Among the newer methods, 27 percent of respondents often use tools enabling viewing items on a variety of models. Asos, Aerie and Lululemon are among the few retailers showcasing the same items on models online across different heights, sizes and shapes.

Only 11 percent in the survey “often” use tools that suggest size based on other brands. Last fall, Keen said an AI-driven online tool that uses surveys and past purchases and returns to predict shoe sizes reduced fit- and size-related call volume by 50 percent.

Only seven percent of survey respondents “often” use augmented reality (AR) technologies. Although AR has been used to trial make-up on faces and furniture in homes, it’s still rarely used for online’s two biggest return categories: apparel and footwear. One recent application, Chewy’s “Fur-tual Boutique,” gave pet owners a chance to virtually try-on their pet’s Halloween costume.

DISCUSSION QUESTIONS: What near and long-term solutions do you see to reducing returns in fit categories such as apparel and footwear? Do you see newer methods cited in the article complementing or replacing the traditional ones?

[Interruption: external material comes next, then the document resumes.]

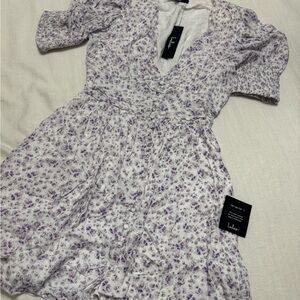 Lulu's Purple and White Floral Dress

Please practice The RetailWire Golden Rule when submitting your comments.
"Online returns are one reason stores will be with us forever."
"In the end, repeat purchase may be the best return prevention tool because consumers already know it works for them."
"I’m ready to see standardized sizing across brands. As of right now, a medium at one retailer could be an extra small at another."

Join the Discussion!

12 Comments on "What online tools best prevent returns?"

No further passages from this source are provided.